I woke up to see myself in my room, I checked the time and it was late at night, I was sweating and my temperature was high but I felt cold inside. I tried to stand up but groaned in pain, I forced myself up and crawled downstairs, it took me hours to get to the kitchen, I saw a note on the fridge,

We are sleeping out, we will be coming back in a week, I do not have to contact you with whatever you have, so make sure to take care of yourself before we come back, I can't have you dying in my house, you can eat whatever you want just for today.

PS DON'T YOU DARE DIE IN MY HOUSE. If you are not better when I get back you are toast, you better not be pregnant.

I angrily clench the paper and throw it inside the bin, I can't believe she found me sick and didn't bother to take me to the hospital, I bet even some dogs get better, treatment than I do, on a brighter note I have permission to eat whatever I want and I got the house all to myself for a change,

I muttered up the last strength I had and made myself chicken soup, I was excited I hadn't eaten chicken in a long time and I had forgotten the taste. I quickly ate and licked everything up, I felt better than I did in years, I went to the cabinet and searched for the first aid kit, I am sure I kept an aspirin inside.

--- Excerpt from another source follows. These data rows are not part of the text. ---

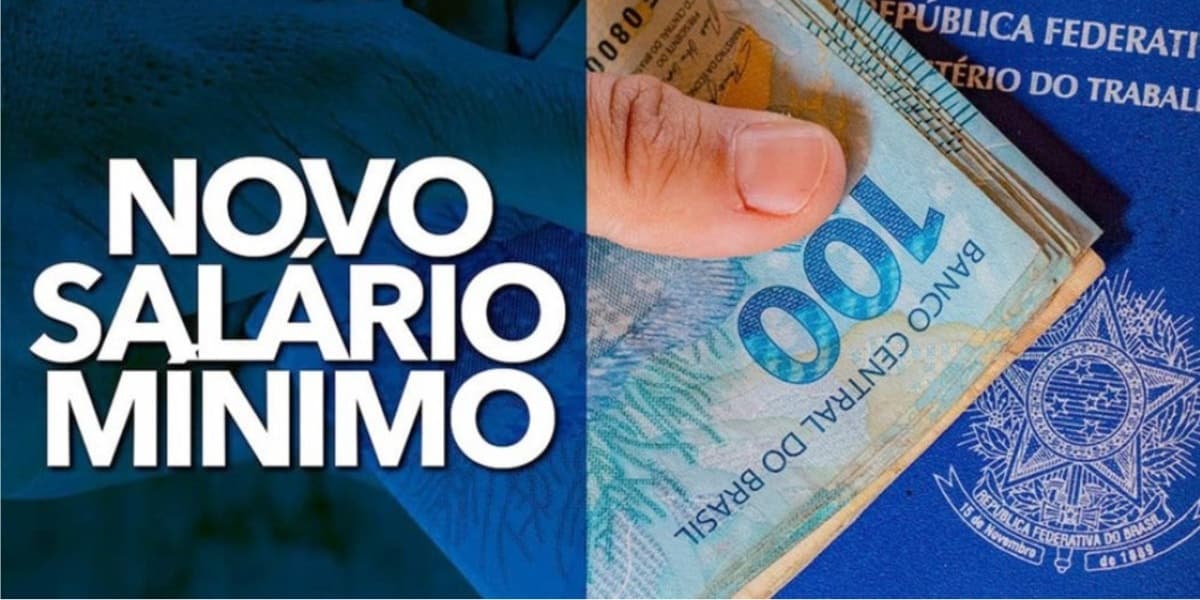 http://tvfoco.uai.com.br/wp-content/uploads/2015/05/Daniela-Mercury.jpg http://tvfoco.uai.com.br/wp-content/uploads/2015/05/Daniela-Mercury.jpg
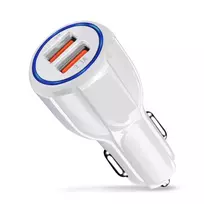 mic usb - Mico Plus Twist Girl White/Pink 40-43 - 3 nuotrauka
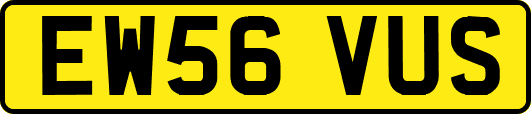 EW56VUS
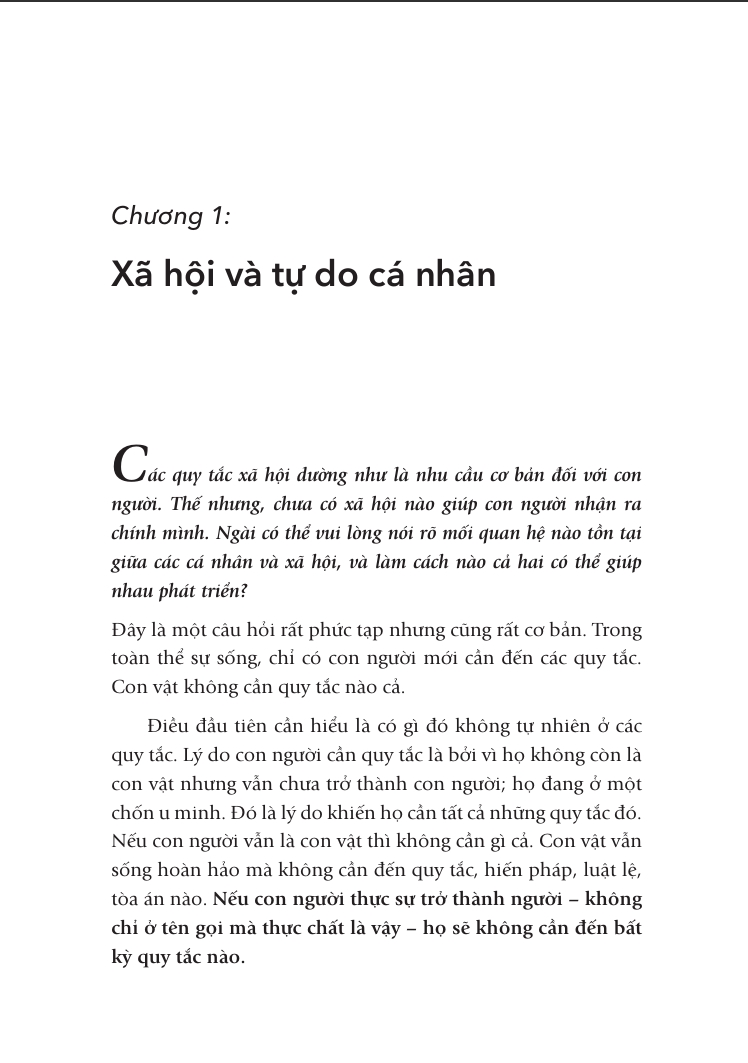 freedom - the courage to be yourseft - tự do - như chim tung cánh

"Found it " I whispered to myself, I brought it out and took it, I rubbed the ointment on my burned palm, it reduced the intense pain I was feeling, I wrapped my wrist with a bandage. I took ice cream from the fridge and took out all the junk food my hands could find I didn't care about anything at the moment, so I went to the living room and switched on the television, I searched for a good show to watch.

Stella doesn't let me watch television, so this was like a big break for me. I munched on my popcorn and snacks. I fell asleep on the couch and it was the best sleep I had in a long time.

I woke up the next morning feeling energetic, I had the best sleep of my life, and I checked the clock and panicked before my memory filled up with the missing space.

"Am home alone, so I don't have to cook for anyone " I facepalmed myself. So I am going to make the most of it, yeah am going to do everything Stella asks me not to.

"I will start with breakfast " I grinned to myself.